Now they were sitting in one of Ursula’s dingy booths, at Mike’s request, finishing what remained of their limp, greasy fries. Pete rambling on about the Perseids and Mike going through the automatic motions of listening. Russell knew the words were going in one ear and out the other. O’Brien didn’t care about meteor showers, and Russell suspected that Pete’s lecture wasn’t going to sway him on the matter. Mike wasn’t even looking at Pete. He was staring out the window, gently nodding his head. Russell turned his head to look out the window, too, and when he did, he noticed a fly bouncing back and forth between the open mini blind slats and speckled window pane. Like the fly, Pete droned on and on, unaware that he was similarly trapped in a cage of his own making, a cage that he could easily find his way out of if he were to simply slow down and see it for what it really was.
Suddenly the urge hit to get up and run out of there. Russell didn’t know what made him feel that way. Maybe it was the cops sitting on the other side of the partition, or maybe it was the spring that kept poking his butt cheek every time he shifted his weight.
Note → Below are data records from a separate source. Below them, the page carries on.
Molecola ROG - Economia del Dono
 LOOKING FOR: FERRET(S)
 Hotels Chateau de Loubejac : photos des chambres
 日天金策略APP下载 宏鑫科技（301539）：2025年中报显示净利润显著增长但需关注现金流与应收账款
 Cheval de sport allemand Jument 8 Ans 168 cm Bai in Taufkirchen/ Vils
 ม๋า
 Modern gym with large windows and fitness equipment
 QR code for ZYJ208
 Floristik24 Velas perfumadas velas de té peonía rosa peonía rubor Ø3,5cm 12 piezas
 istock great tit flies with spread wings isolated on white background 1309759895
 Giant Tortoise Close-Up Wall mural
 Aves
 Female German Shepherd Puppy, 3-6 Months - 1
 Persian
Then again, maybe it was the fly that kept buzzing and smacking against the open window blinds. All he knew for certain was that everything about the diner, the cops, and the town seemed wrong. A flush exploded in his face and quickly spread through the rest of his body. It was chased by a deep sense of dread. His mother would have recognized it as a hot flash, but Russell thought he was dying. Dying of what? he asked himself. Rabies? You and your grandiose drama. You’re not dying.
Then the feeling of silent suffocation was gone. The dread remained, however, as a sensation directed outwardly. No longer was Russell worried about himself. Now he was worried about the town. The world, too. The whole universe. Why he felt this way he didn’t know. But he felt it just the same, and he knew it to be true.
The shit’s hitting the fan, Rusty. And when it falls, you’re not going to want to be in the room. Get the hell out while you still can.
Russell shook his head, hard, ridding it of the thoughts that wanted to lengthen and grow and also of the lingering nausea that had hitched a ride during his mild panic attack. He grabbed his red, translucent glass and drank from it. Coca-Cola went down his gullet tepid and flat, yet restorative. He perked up in his seat with an abrupt feeling of alacrity and contentment (the spring dug into his left buttock). Whatever fugue he had slipped into, he was out of now. In fact, he could barely remember what had caused it.
Russell couldn’t recall the last time he had felt so good, so light in the chest, so ebullient. It was almost as if he had grown wings and staying earthbound was now just one option out of a score of thousands. No, millions. Billions.
"What’s so funny?" Pete asked, a wry smirk on his face. O’Brien turned away from the window to see what Pete was talking about.
With a near-genius and a near-idiot staring dutifully at him, waiting for an answer, Russell smiled and said, "I don’t know…really, I don’t." He then stood, reached in his left pocket for his keys, and nodded toward the door. "Come on, kids. Let’s go.